Campus Planning Exercise Yields 5 Principles for Future Development

The path was widened in front of College Row and three new outdoor seating areas were installed near South College, 200 Church and Boger Hall (pictured).

The campus planning project begun last January has resulted in a report. The planning team from Sasaki Associates, Inc. and Eastley & Partners, who worked with Wesleyan’s Facilities Committee and others during the spring semester, has recommended a set of five principles to guide campus development over the coming years. These principles have been developed through an online survey and discussions with faculty, staff and students about how they use the physical spaces on campus.

Many of the conclusions were presented to the Board of Trustees and later to senior administrative staff in late May. The principles are designed to align the physical campus as powerfully as possible with Wesleyan’s educational aspirations, taking into account changing technology and the face-to-face interactions that are at the core of the residential learning experience.

These five principles, along with some examples of how they might be implemented, are:

Synergy of residential and academic experience: Seek more integration of residential and academic experience. This includes determining the best balance of social vs. learning spaces; creating more consistency with residential programming amongst the spaces in residence halls; expanding activity offerings for students on weekend evenings; and making residence halls more distinctive in character.
Transparency between indoor and outdoor spaces: Create more seamless connections between interior and exterior landscapes through increased use of glass and showcase learning in action; realigning athletic fields to gain more interactive open space at the center of campus; and enhancing opportunities for outdoor seating, such as in front of College Row, the CFA, Exley, Butterfields, Foss Hill and Pi Café.
Spectrum of formal learning spaces: Modernize traditionally formatted learning spaces on campus, which are limiting opportunities to teach and learn in new ways. Create more flexible, inviting and comfortable learning spaces; ensure that classrooms are the right size and not over-furnished; and create a range of choices for team-based learning configurations.
Network of informal learning spaces: Strengthen and enhance the network of informal learning spaces to stimulate serendipitous encounters. Create an informal learning prototype and test its success; assess digital applications to allow students to find available space to study and do group projects; add informal learning spaces around campus.
Engagement local and global: Emphasize sustainability to foster a sense of stewardship among the students as residents of Middletown and citizens of the word. Work with the city of Middletown to address zoning, streetscape, and basic pedestrian connectivity between Main Street and campus; bring Wesleyan programs to Main Street to encourage pedestrian traffic; pilot an outdoor music weekend with Wesleyan musicians on Main Street corners; promote learning as good citizenship.
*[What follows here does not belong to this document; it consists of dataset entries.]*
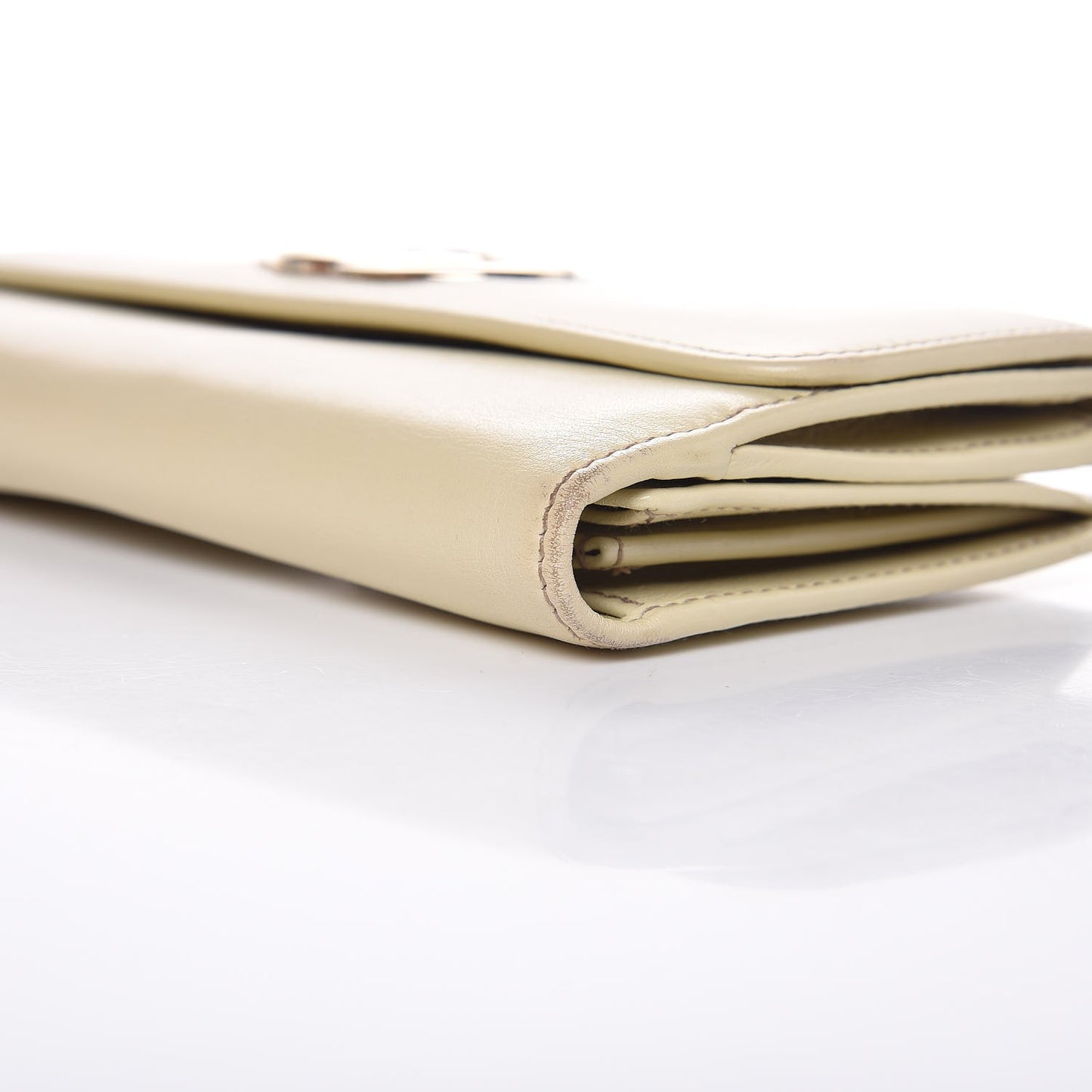 Calfskin Suede Britt Continental Flap Wallet Ivory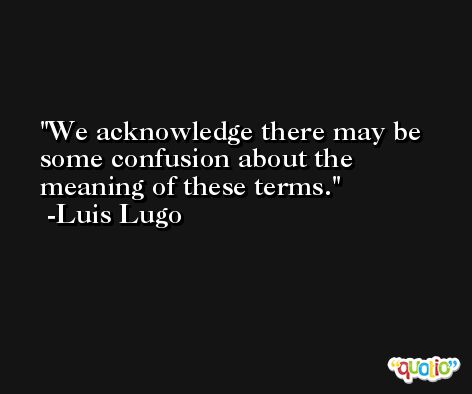 We acknowledge there may be some confusion about the meaning of these terms. -Luis Lugo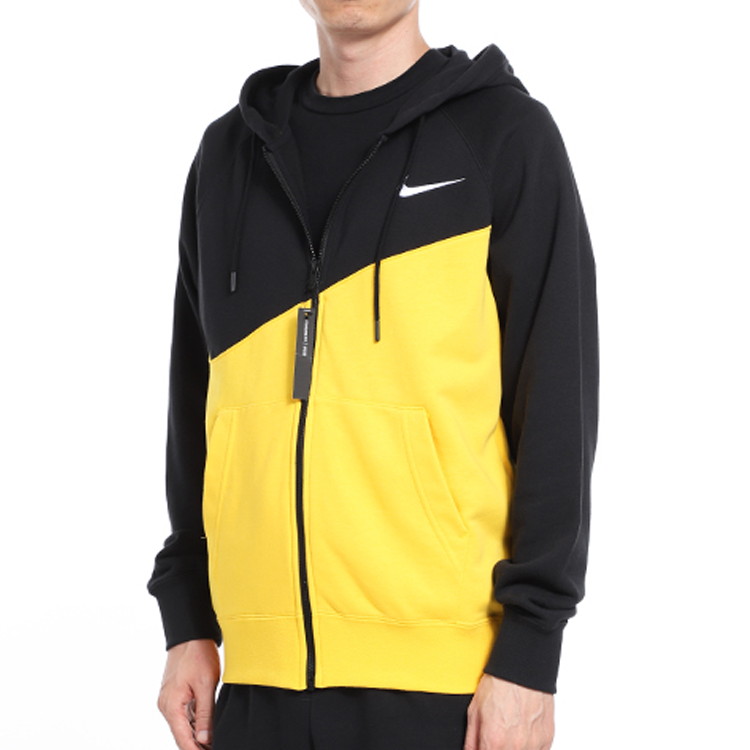 Nike Black Yellow Colorblock Knit Hoodie Jacket CT3425-780 圖 4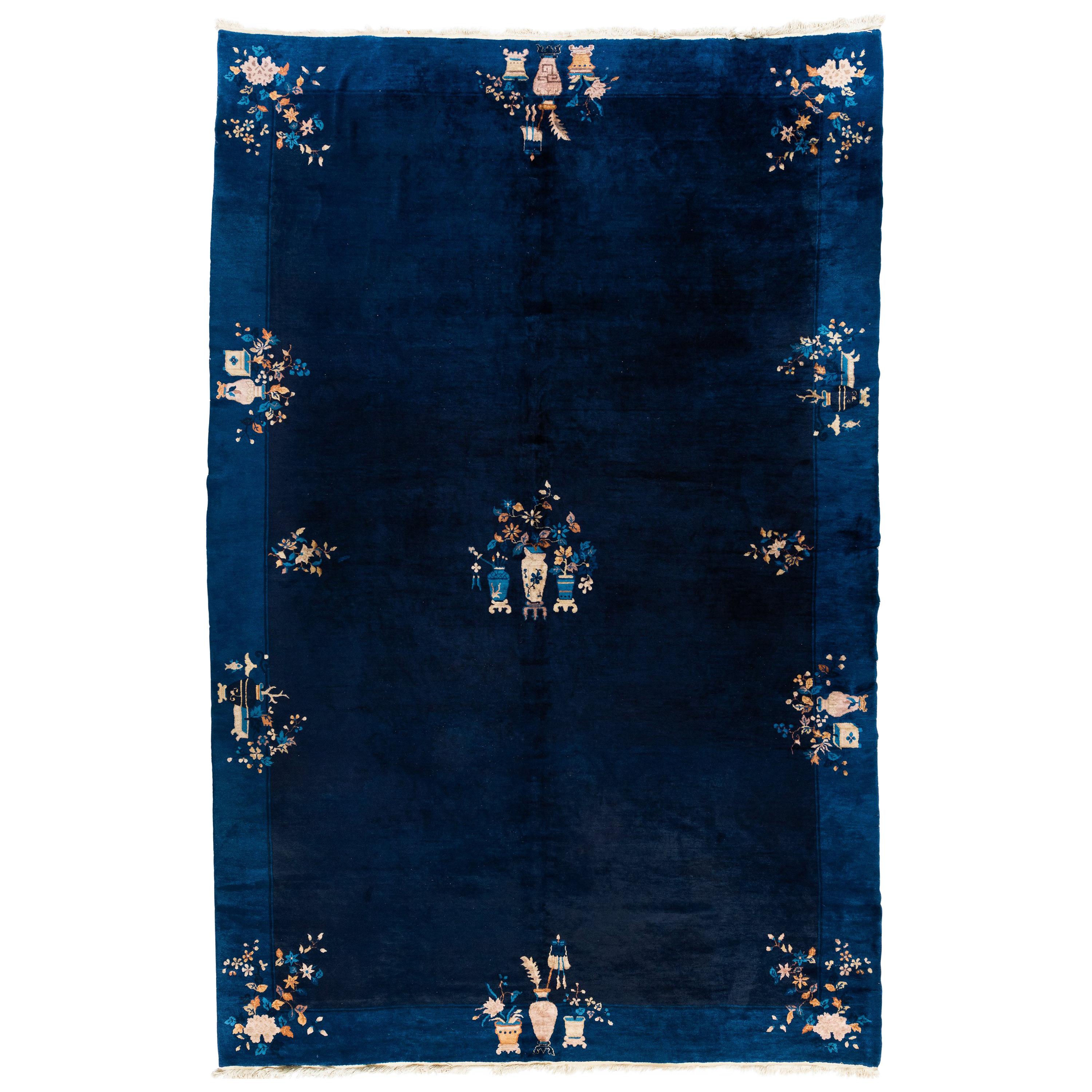 Antique Peking Navy Blue Wool Rug with Vase and Floral Design For Sale
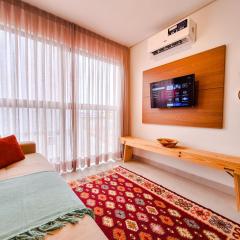 Apartamento de 1 quarto com piscina ao lado mar conforto e localização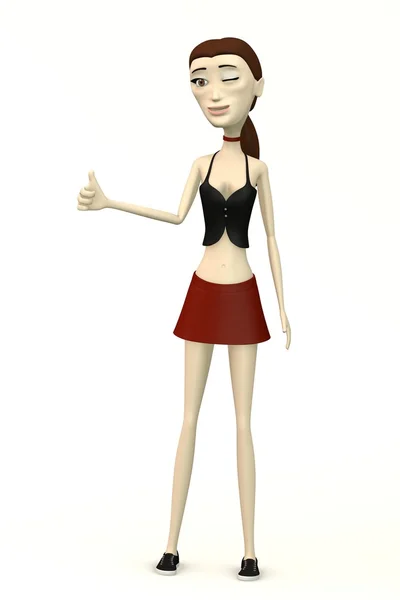 Female character in casual clothes with thumb up — Stock Photo, Image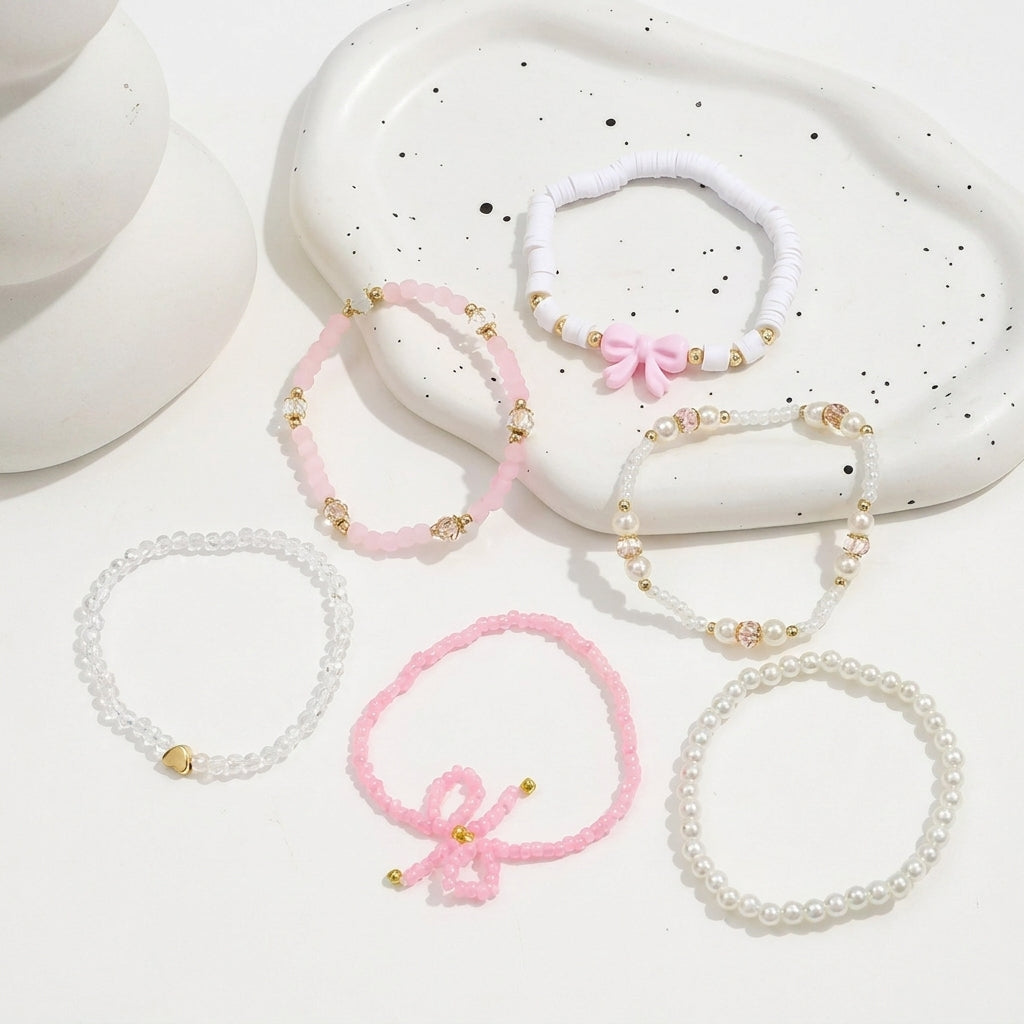6pc Feminine Pink Bow Bracelet Stack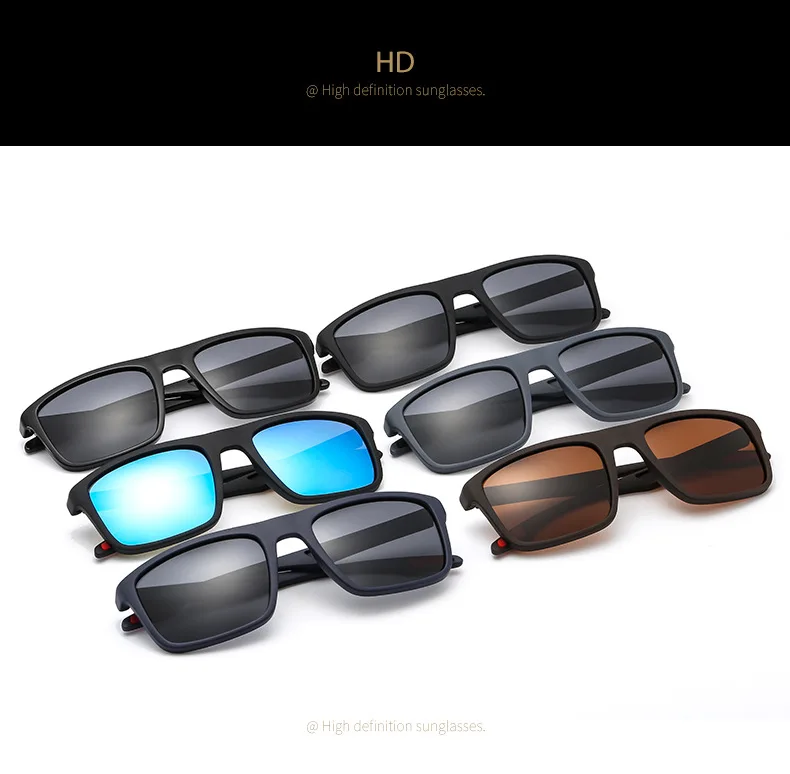 Men\'s Polarized Sunglasses 2024 Cool Boy UV Protection Rectangle Sun Glasses Sport Fishing Eyewear Anti Glare Driving Oculos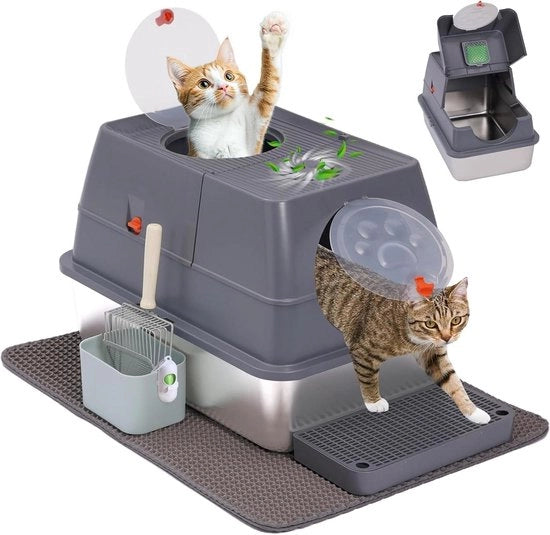 Scatola per Gatto in Acciaio Inossidabile XXL con Coperchio - Dimensione Grande per Gatti Grandi con Altezza del Bordo Elevata - Scatola per Gatto in Metallo Non Adesiva (Grigia)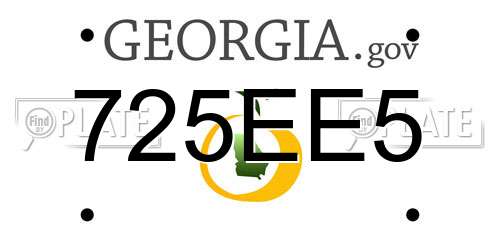 725EE5 Georgia License Plate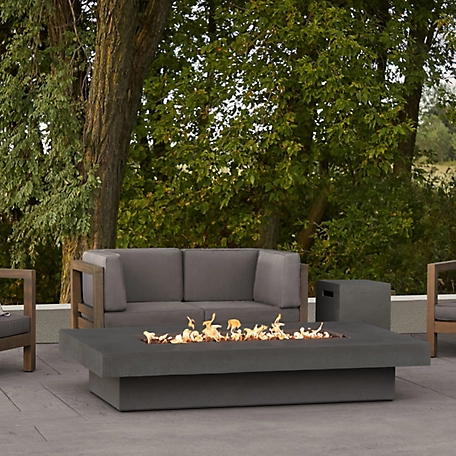 Jensen Geneva XL Rectangle Propane Fire Table, Carbon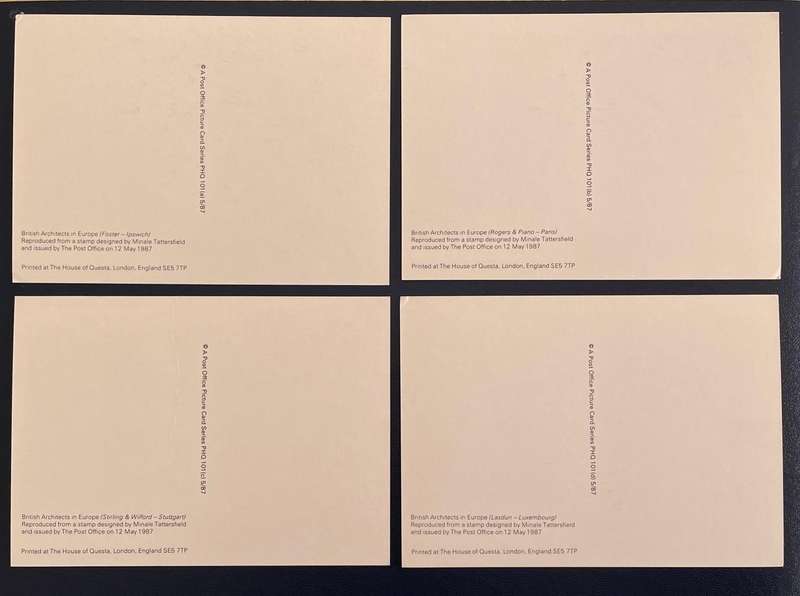 Maxi Cards - UK - British Architects in Europe - 1987 x4 - Stamp sets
Some campus improvements consistent with these principles are already underway. This summer, crews widened the path in front of College Row and added three new outdoor seating areas. And an outdoor terrace is being joined to Pi Café.

“Our consultants have provided some interesting principles to help us think about the future of space and learning at Wesleyan,” says Charles Salas, director of strategic initiatives. “Now it’s up to us to make that future as powerful as possible.”